Provided data:
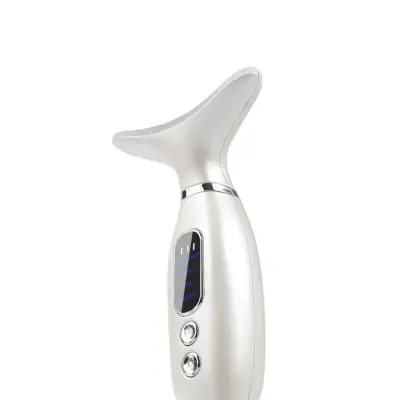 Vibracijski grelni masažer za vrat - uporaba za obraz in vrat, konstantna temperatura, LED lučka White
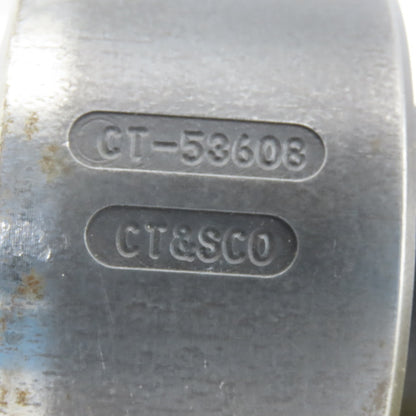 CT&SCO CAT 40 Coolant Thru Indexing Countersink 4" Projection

--

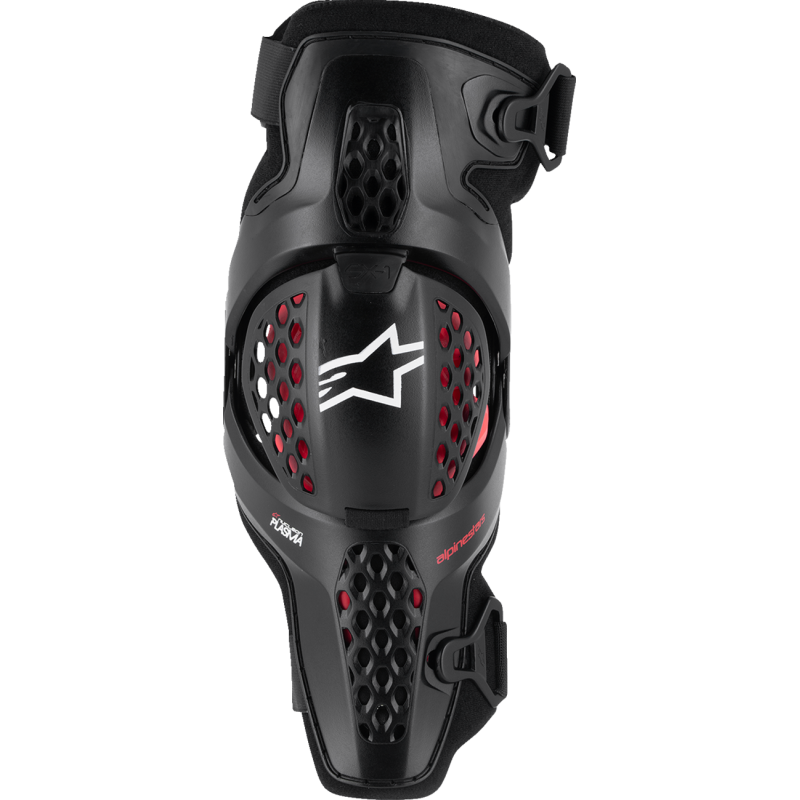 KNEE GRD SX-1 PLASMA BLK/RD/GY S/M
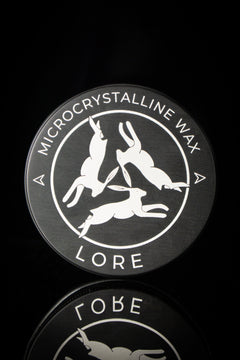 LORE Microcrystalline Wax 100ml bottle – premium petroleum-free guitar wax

Task requirements: Transcribe only this stretch of the data: the line with "KNEE GRD SX-1 PLASMA BLK/RD/GY S/M", the line with "LORE Microcrystalline Wax", and every line in between. Leave out the pictures.

Task response:
 KNEE GRD SX-1 PLASMA BLK/RD/GY S/M
 LORE Microcrystalline Wax 100ml bottle – premium petroleum-free guitar wax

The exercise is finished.